Articles Posted in Gender Discrimination

Last week, the New Jersey Supreme Court ruled that each day an employee is paid a lower salary based on a past unlawful discriminatory decision is a separate violation of the New Jersey Law Against Discrimination (LAD). As a result, three tenured Seton Hall University professors can proceed with their age and gender discrimination lawsuit, even though (1) the alleged discriminatory decision was made more than two years before they filed the lawsuit, and (2) the LAD has a two-year statute of limitations.

Specifically, in Alexander v. Seton Hall University, three female professors who are over 60 years old sued Seton Hall and certain school officials. They claim they were paid less than their younger male colleagues. They largely based their claims on the University’s 2004-2005 annual report, which shows that Seton Hall pays higher salaries to younger male faculty members than older female faculty members.

However, the trial court dismissed the case, ruling that since the allegedly discriminatory decision was made more than two years before the employees sued, their case was barred by the statute of limitations. That decision was affirmed by New Jersey’s Appellate Division. Both courts relied on the United States Supreme Court’s 2007 decision in Ledbetter v. Goodyear Tire & Rubber Co., which ruled that the statute of limitations for claims of discriminatory wages under federal law begins when the employer makes the discriminatory decision.

On May 22, 2009, in the case of Sassaman v. Gamache, Commissioner, Dutchess County Board of Elections, the United States Court of Appeals for the Second Circuit reinstated the gender discrimination claim of an employee who was forced to resign because another employee accused him of sexual harassment. The Second Circuit is the federal appellate court that covers several states, including New York.

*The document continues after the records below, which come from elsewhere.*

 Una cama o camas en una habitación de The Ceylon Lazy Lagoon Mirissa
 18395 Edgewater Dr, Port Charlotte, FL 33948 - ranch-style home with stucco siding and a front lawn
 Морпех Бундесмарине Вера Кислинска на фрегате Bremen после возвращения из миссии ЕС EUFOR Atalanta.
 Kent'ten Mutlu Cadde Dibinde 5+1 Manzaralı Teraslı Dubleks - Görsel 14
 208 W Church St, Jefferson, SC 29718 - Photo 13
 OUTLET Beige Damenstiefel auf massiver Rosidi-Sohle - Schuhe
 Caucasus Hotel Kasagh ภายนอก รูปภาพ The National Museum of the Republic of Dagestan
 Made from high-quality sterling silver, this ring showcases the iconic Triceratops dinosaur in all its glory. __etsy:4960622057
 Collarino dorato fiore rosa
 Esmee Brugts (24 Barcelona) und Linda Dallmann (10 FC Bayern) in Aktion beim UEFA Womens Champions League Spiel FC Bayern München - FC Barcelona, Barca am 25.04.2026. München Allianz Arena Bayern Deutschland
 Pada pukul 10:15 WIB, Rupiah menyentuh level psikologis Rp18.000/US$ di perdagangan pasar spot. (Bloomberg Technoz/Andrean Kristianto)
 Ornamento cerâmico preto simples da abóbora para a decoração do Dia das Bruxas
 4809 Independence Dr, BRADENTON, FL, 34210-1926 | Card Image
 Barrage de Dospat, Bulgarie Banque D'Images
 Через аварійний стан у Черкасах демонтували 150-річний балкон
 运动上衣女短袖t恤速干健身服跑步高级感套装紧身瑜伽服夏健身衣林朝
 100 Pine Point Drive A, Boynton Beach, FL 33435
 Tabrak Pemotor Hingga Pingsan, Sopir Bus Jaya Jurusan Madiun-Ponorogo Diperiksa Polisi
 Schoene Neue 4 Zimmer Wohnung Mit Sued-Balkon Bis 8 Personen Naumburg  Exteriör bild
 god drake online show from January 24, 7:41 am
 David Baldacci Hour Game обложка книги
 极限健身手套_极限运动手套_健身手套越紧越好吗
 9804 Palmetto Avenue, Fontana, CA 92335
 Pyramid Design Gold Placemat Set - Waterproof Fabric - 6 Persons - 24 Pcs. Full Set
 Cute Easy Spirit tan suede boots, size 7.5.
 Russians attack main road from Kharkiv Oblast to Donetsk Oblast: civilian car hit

The plaintiff in that case, Carl Thomas Sassaman, worked for the Dutchess County Board of Elections. In March 2005, another Board of Elections employee, Michelle Brant, accused Mr. Sassaman of harassing and stalking her. Mr. Sassaman denied harassing Ms. Brant. He also claimed that she had previously asked him if he was interested in a one-time sexual encounter with her, which he declined.

When Ms. Brant complained about the sexual harassment, the Commissioner of the Board of Election, David Gamache, suggested that Ms. Brant file a complaint with the Dutchess County Prosecutor’s office. The Prosecutor’s office subsequently found insufficient proof that Mr. Sassaman had enaged in a crime.

Earlier this month, the United States Equal Employment Opportunity Commission (EEOC) published suggested best practices for companies to minimize the chance of violating the rights of employees who are also caregivers. Those suggested practices supplement the guidelines the EEOC issued in 2007 regarding when it is unlawful for an employer to discriminate against an employee who is a caregiver.

Although there is no law in New York or New Jersey which expressly prohibits discrimination against employees because they are caregivers, many state and federal laws provide protection to caregivers under certain circumstances. For example, the New Jersey Law Against Discrimination, the New York Human Right Law, the Family & Medical Leave Act (FMLA), the New Jersey Family Leave Act, Title VII of the Civil Rights Act of 1964, and the Americans with Disabilities Act (ADA) all provide some protection to caregivers.

The EEOC’s 2007 guidelines regarding employees with caregiving responsibilities recognize that, in part due to anti-discrimination laws, women now make up nearly half of the workforce in the United States. In addition, while the role of men as caregivers has substantially increased over the past 50 years, women still disproportionately have the primarily responsibility for caring for children and elderly parents, in-laws, and spouses. As a result, employment practices that disfavor caregivers disproportionately harm women.

Earlier today, President Obama signed the Lilly Ledbetter Fair Pay Act of 2009. The Act reverses the United States Supreme Court’s 2007 decision in Ledbetter v. Goodyear Tire & Rubber Co., 550 U.S. 618 (2007) which requires an employee to bring a federal claim of pay discrimination in violation of the Title VII of the Civil Rights Act of 1964 (Title VII) within 180 days (or in some states, including New York and New Jersey, within 300 days) of the decision that caused the pay disparity.

In the Ledbetter case, the Supreme Court ruled that Lilly Ledbetter was outside of Title VII’s filing deadline when she initiated her gender discrimination claim against Goodyear. Ms. Ledbetter was seeking damages because she was paid less than men in comparable positions at the company. The Supreme Court found that her claim was untimely because she did not file a charge of discrimination with the United States Equal Employment Opportunity Commission (EEOC) within 180 days after the company’s initial discriminatory decision, even though she was still underpaid due to the past discrimination in that her salary remained lower than her male coworkers.

The Ledbetter decision was highly criticized on the basis that employees usually do not know how much their coworkers are paid, making it difficult or impossible for them to determine that they are experiencing discriminating against with respect to their compensation. As a result, employees who have been underpaid because of their race, color, sex (gender), religion, national origin, or disability are unlikely to know about it until long after the 180 (or 300) day EEOC filing deadline.